● Problem:
Beginning at the line containing "Massimo Alba Ares", repeat each line below exactly up to and including the line containing "Sac à langer". Do not repeat the pictures.

────────

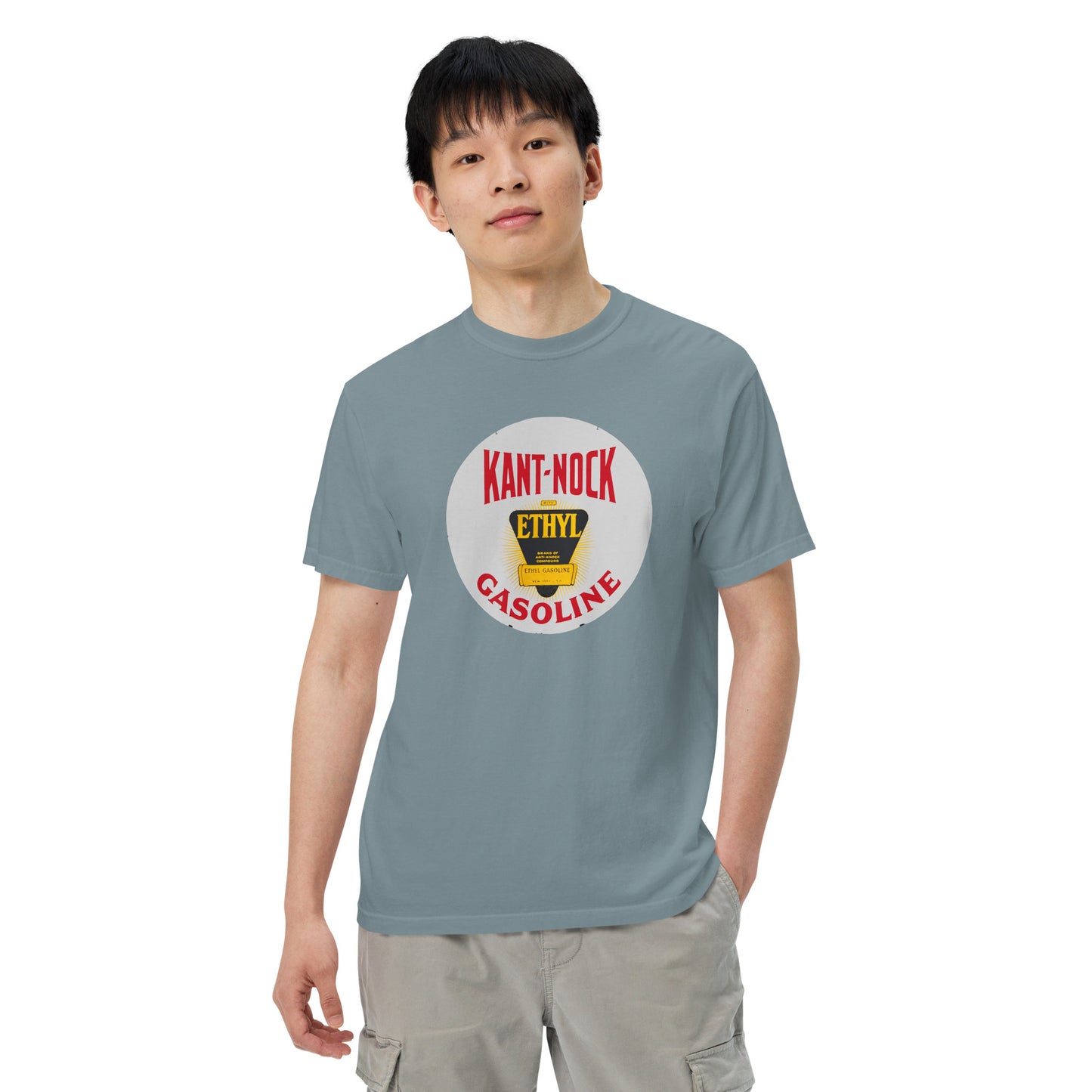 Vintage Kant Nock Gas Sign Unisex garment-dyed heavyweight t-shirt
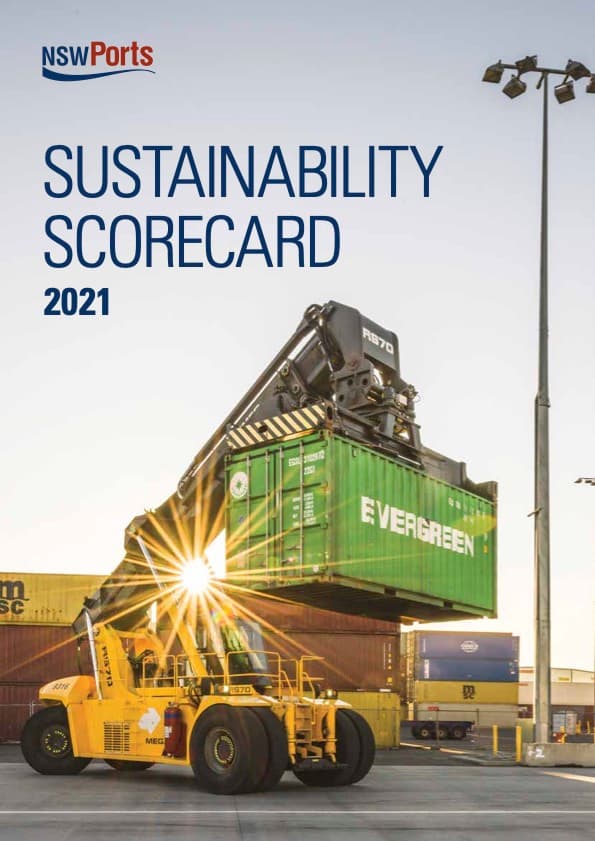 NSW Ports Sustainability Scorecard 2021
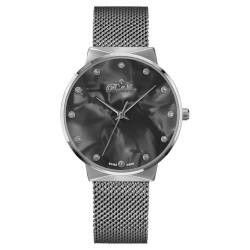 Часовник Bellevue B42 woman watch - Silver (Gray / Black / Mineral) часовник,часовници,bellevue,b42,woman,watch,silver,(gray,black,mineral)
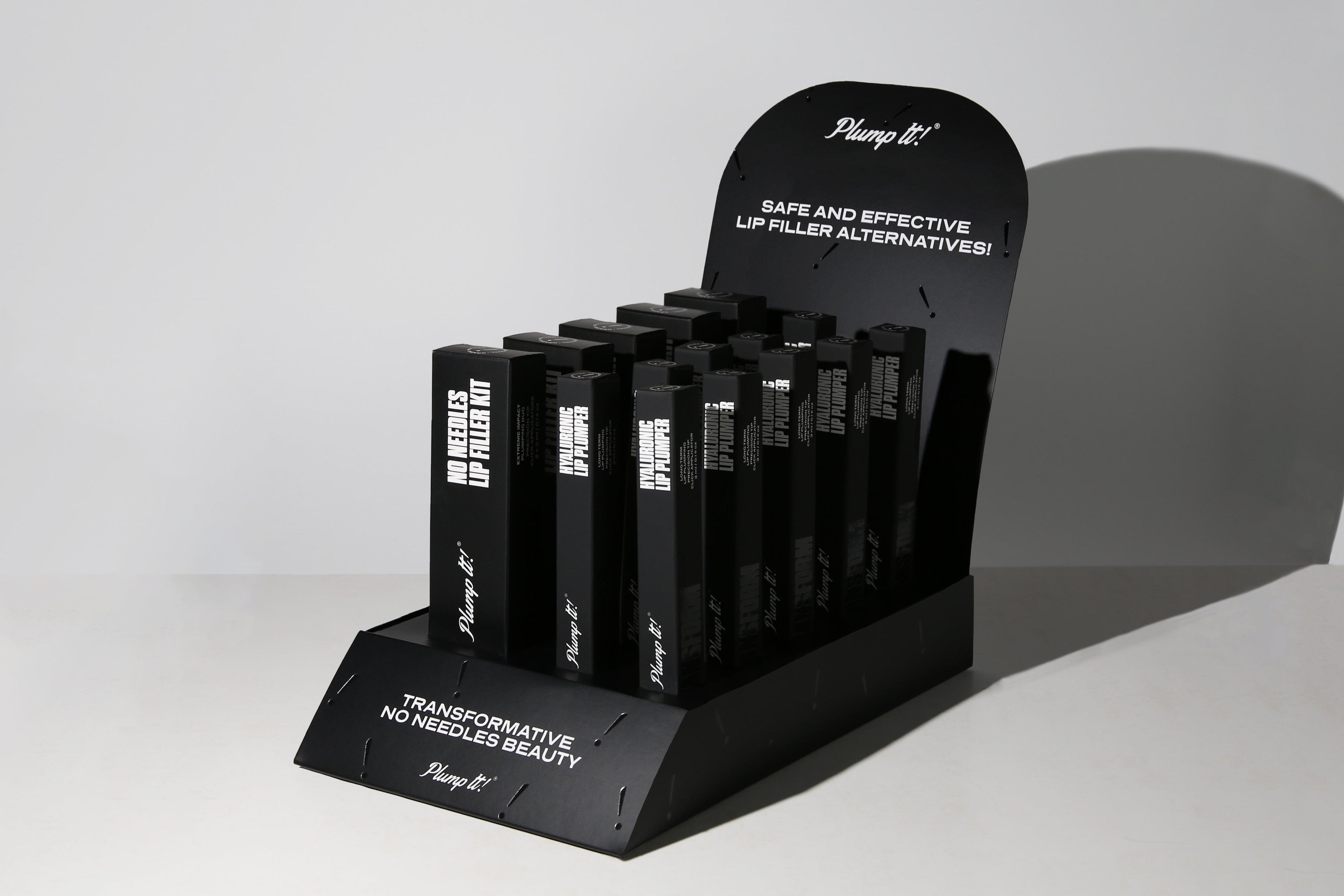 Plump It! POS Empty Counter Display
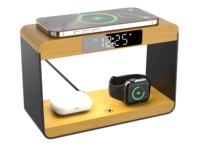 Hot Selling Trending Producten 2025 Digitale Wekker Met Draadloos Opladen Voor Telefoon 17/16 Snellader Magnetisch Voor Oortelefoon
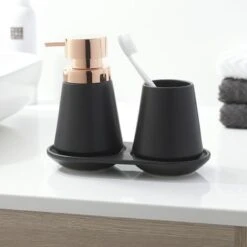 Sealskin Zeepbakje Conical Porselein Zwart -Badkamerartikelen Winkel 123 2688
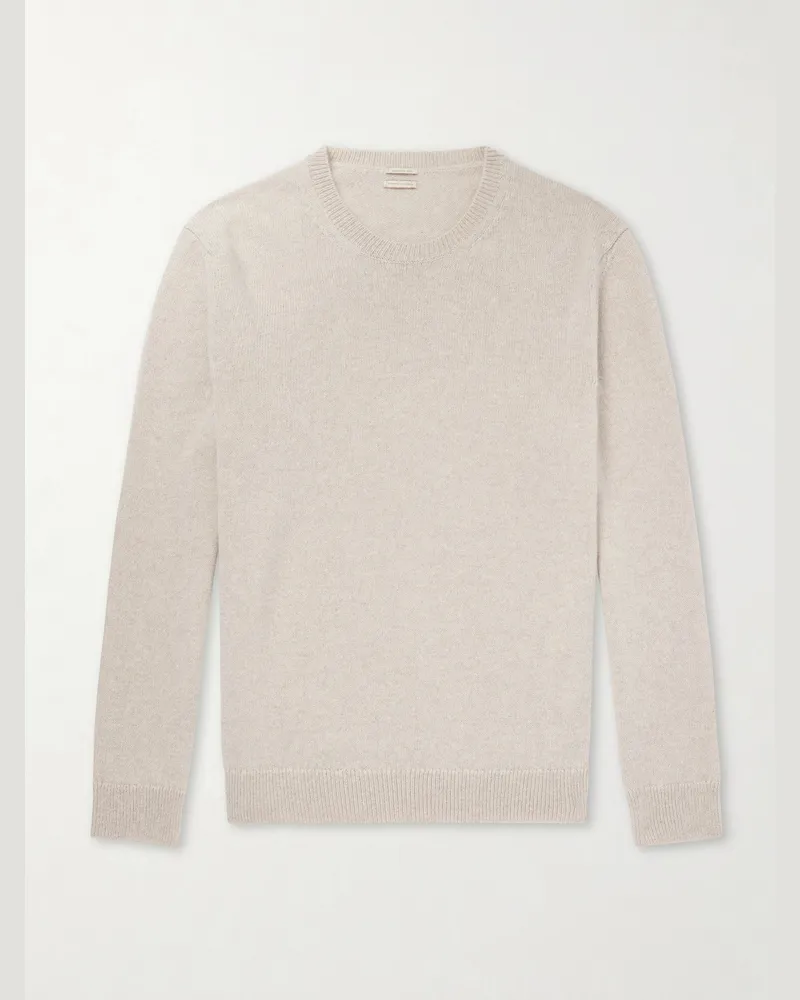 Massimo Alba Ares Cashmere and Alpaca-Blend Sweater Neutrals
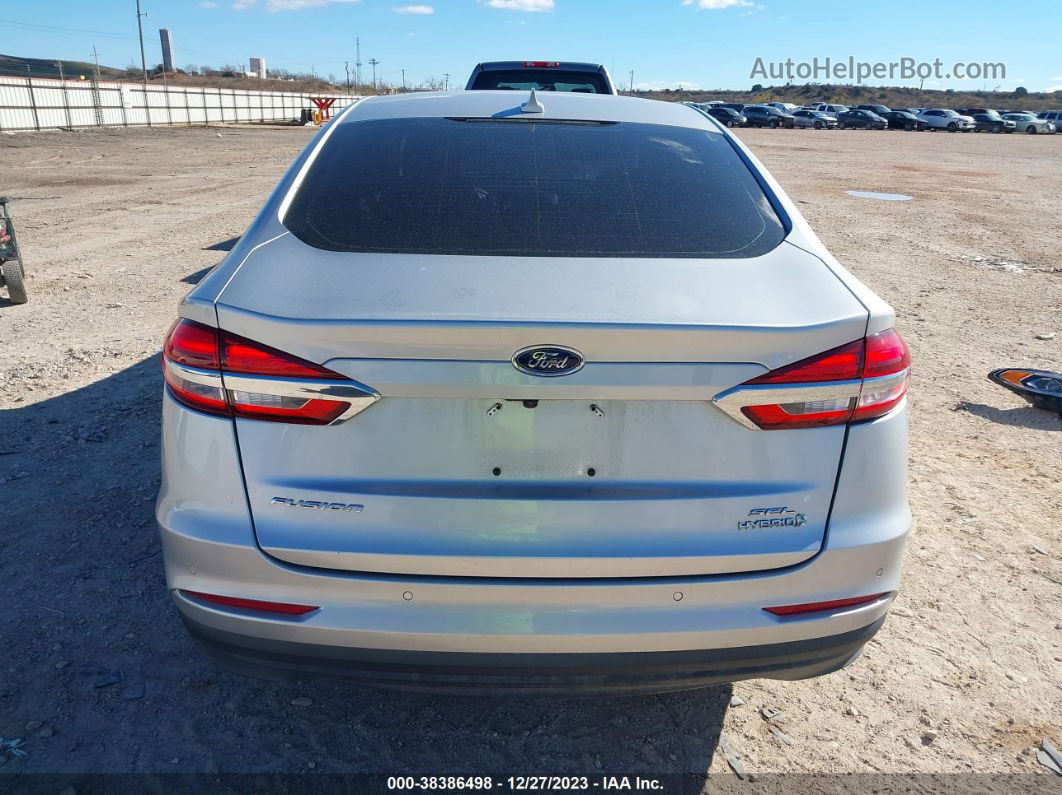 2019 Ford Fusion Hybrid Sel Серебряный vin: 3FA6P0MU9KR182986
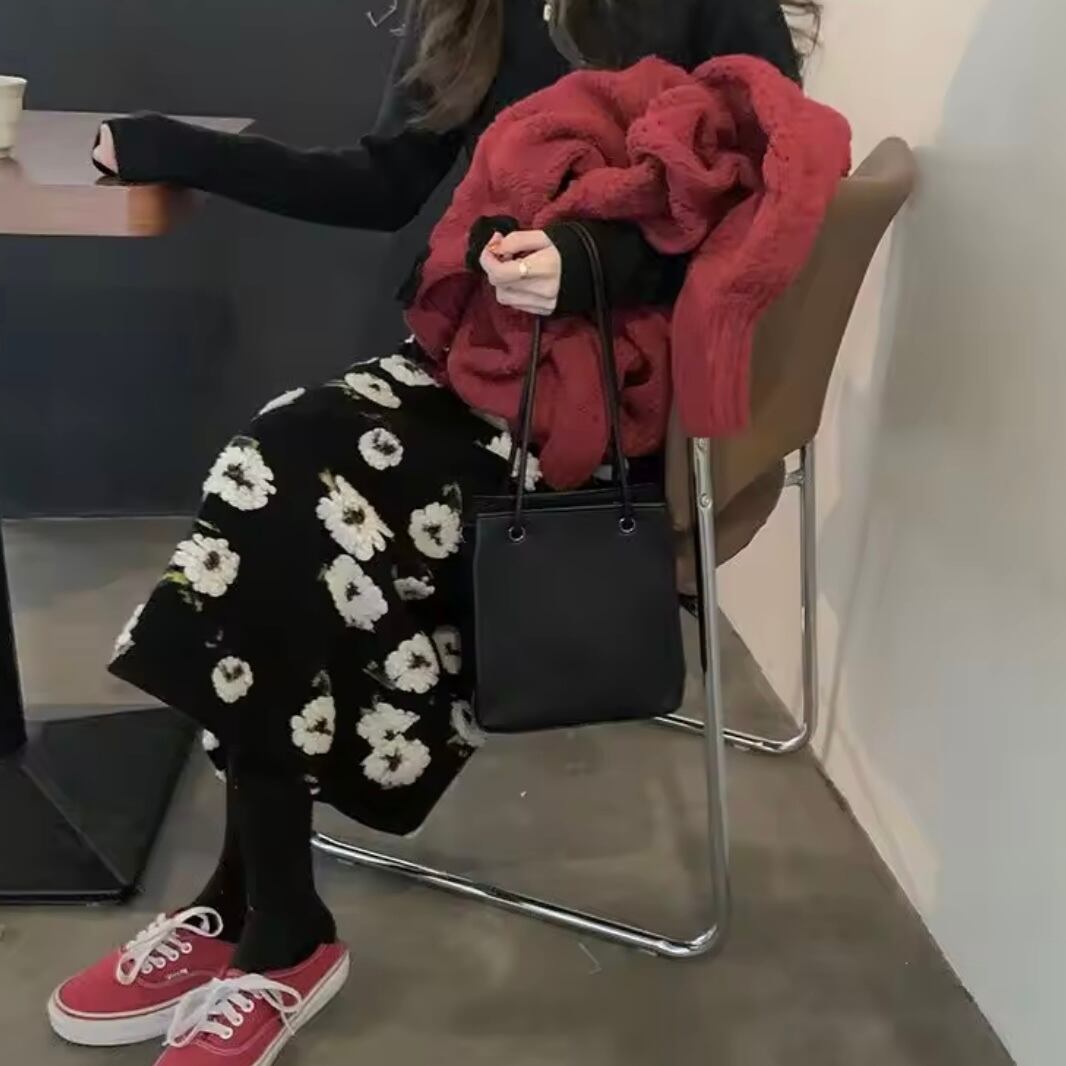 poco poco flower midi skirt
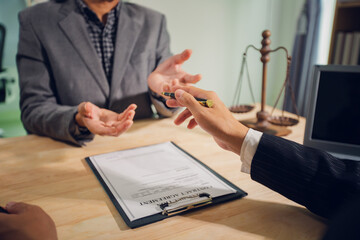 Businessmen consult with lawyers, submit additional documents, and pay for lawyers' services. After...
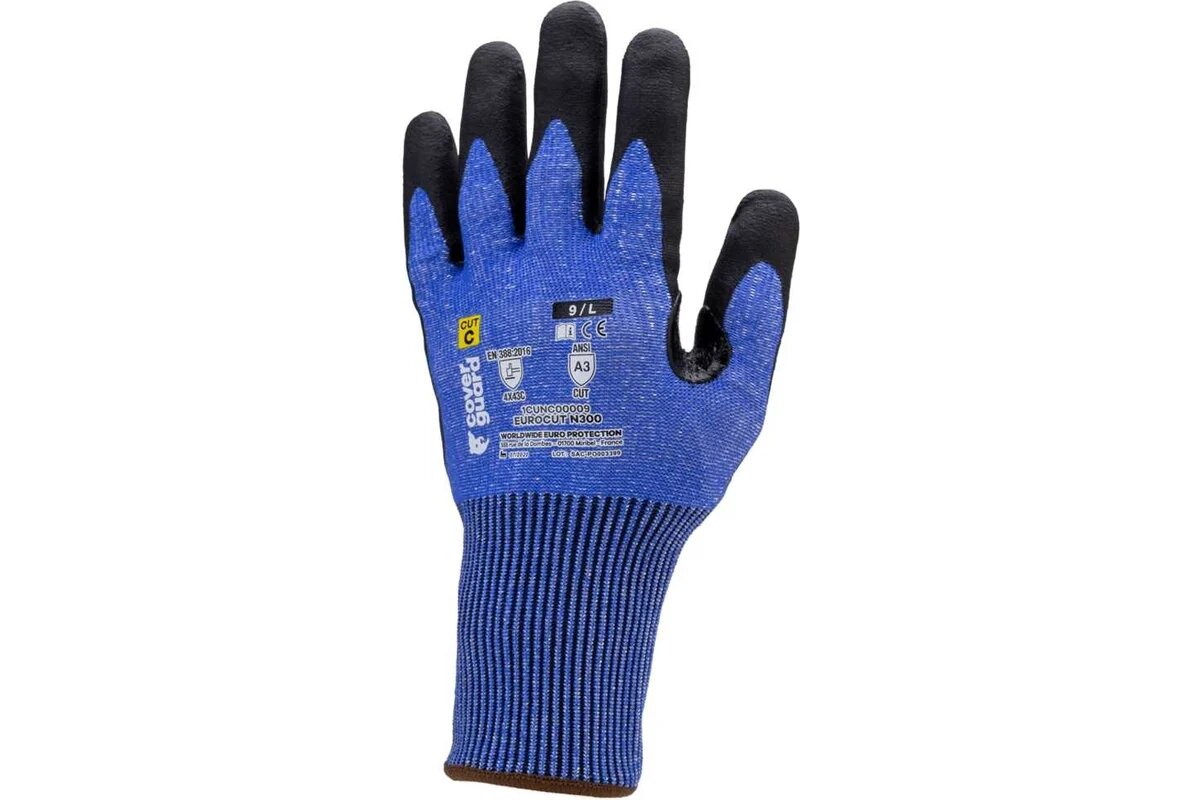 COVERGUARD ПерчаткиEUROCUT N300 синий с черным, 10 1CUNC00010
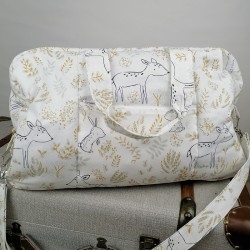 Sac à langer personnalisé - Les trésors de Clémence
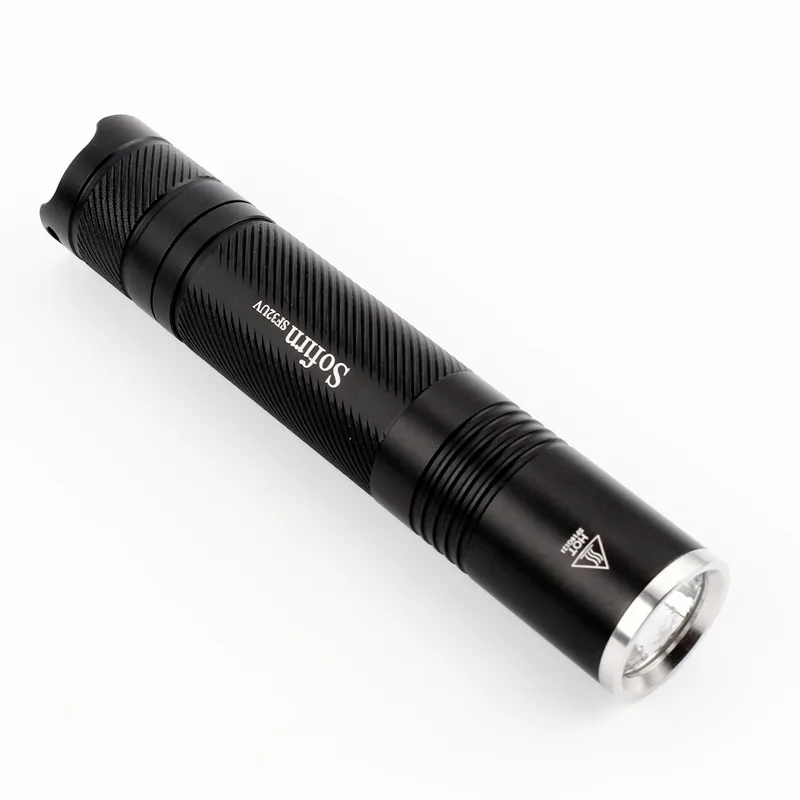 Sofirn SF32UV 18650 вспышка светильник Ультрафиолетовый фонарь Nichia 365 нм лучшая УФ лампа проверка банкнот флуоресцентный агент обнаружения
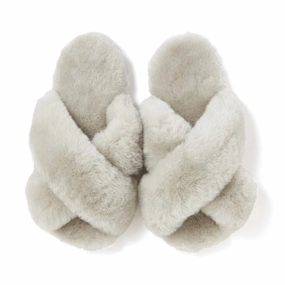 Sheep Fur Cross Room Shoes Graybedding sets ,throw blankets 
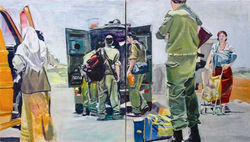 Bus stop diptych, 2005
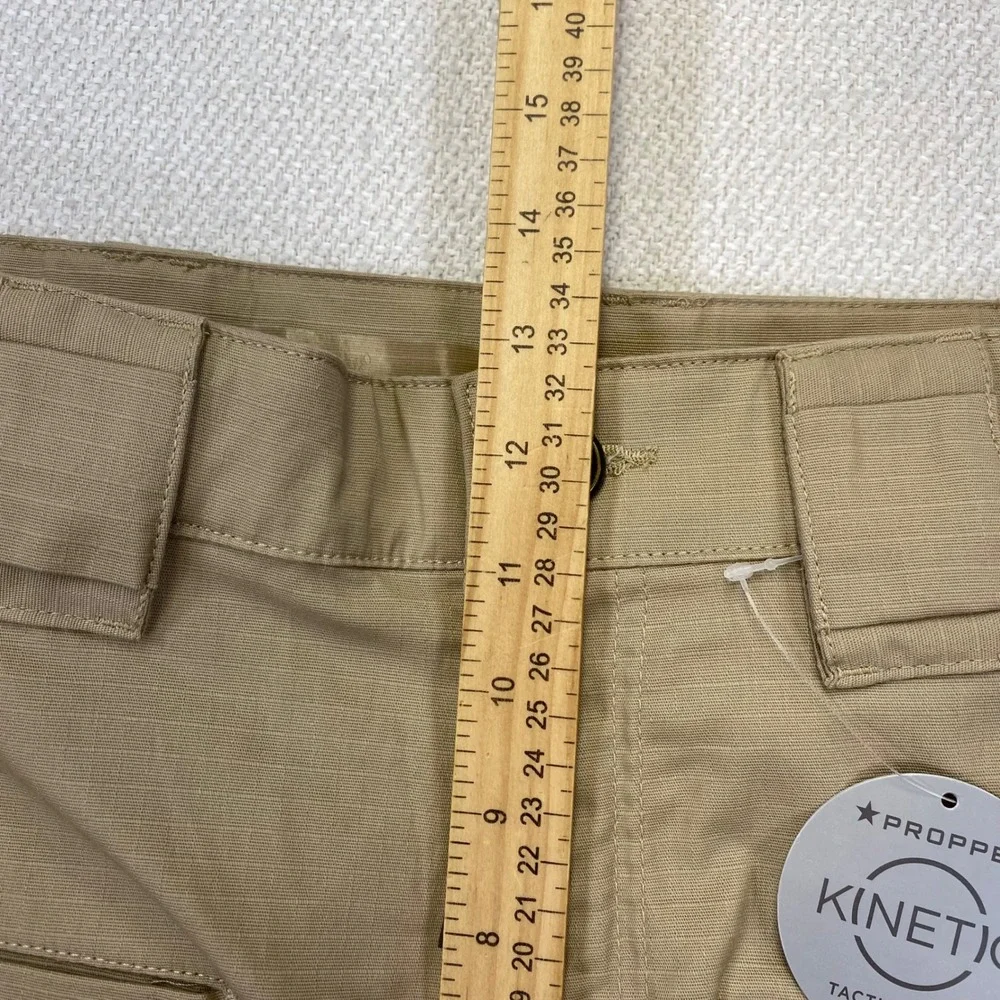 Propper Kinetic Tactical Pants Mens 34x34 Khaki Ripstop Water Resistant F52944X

────────

● Result:
 Massimo Alba Ares Cashmere and Alpaca-Blend Sweater Neutrals
 2019 Ford Fusion Hybrid Sel Серебряный vin: 3FA6P0MU9KR182986
 poco poco flower midi skirt
 Businessmen consult with lawyers, submit additional documents, and pay for lawyers' services. After...
 COVERGUARD ПерчаткиEUROCUT N300 синий с черным, 10 1CUNC00010
 Sac à langer personnalisé - Les trésors de Clémence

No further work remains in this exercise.